# What is synthetic geometry?

What is synthetic geometry? Could you provide a short (i.e. a paragraph or two, not much longer) explanation in general elementary terms? In particular, I hope to be able to understand the contrast between synthetic and analytical (invariant-theoretic?) approaches in the end.

Wikipedia's definition is a bit too advanced for me.

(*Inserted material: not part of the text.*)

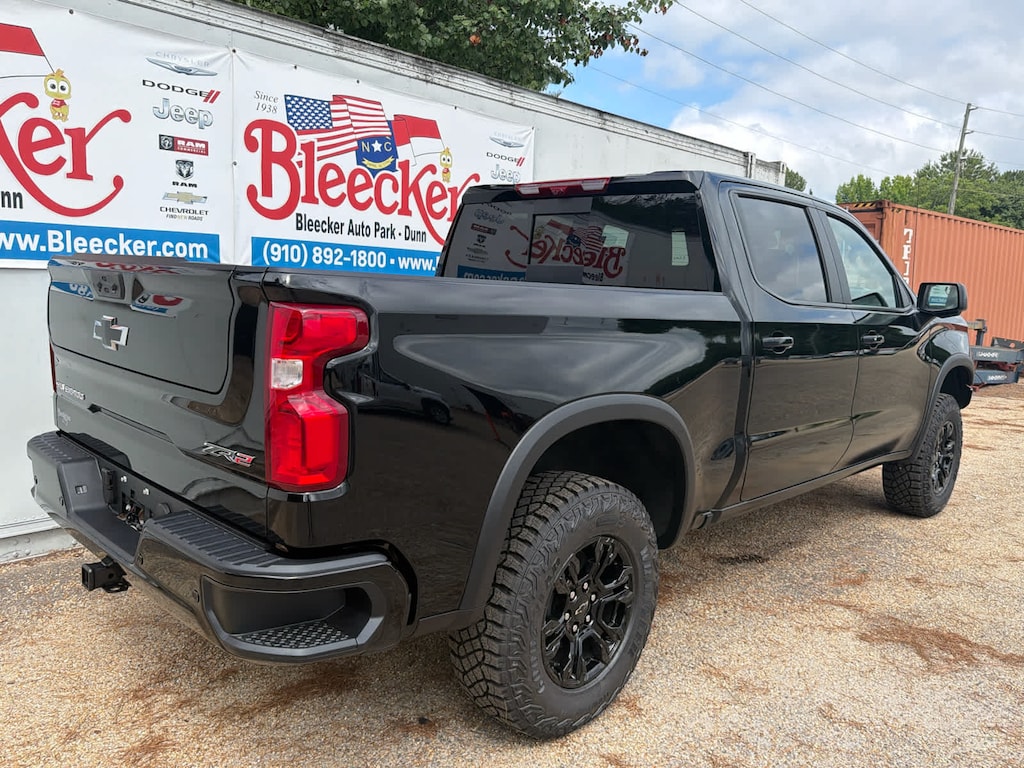 New 2026 Chevrolet Silverado 1500 ZR2 Truck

• Have you tried Wikipedia? Commented Feb 9, 2014 at 1:00
• I assume you want an explanation that differs from wikipedia. Or perhaps wikipedia is too advanced? Please be more specific. Commented Feb 9, 2014 at 1:00
• @rghthndsd Wikipedia's definition is too advanced. I don't really understand the difference between analytical and synthetic as it is discussed in that article. Commented Feb 9, 2014 at 1:01
• do you know how to do geometry with coordinates? Commented Feb 9, 2014 at 1:08
• "Synthetic" just means axiomatic in this context. Commented Feb 9, 2014 at 1:49

The ancient Greeks took synthetic geometry in the plane and 3-dimensional space to an amazing level, much further than almost anyone learns today. For example, they understood the "conic sections," that is, parabolas, ellipses, (circles,) and hyperbolas, almost completely. But today you usually think of a parabola, for instance, as being the graph of an equation $y=ax^2+bx+c$. It's this equation, which requires choosing a pair of coordinate axes on the plane and a unit length on each axis, that's what analytic geometry uses that synthetic geometry avoids. The synthetic-analytic distinction is still very visible in modern geometric research, even though the particular questions of interest have changed drastically.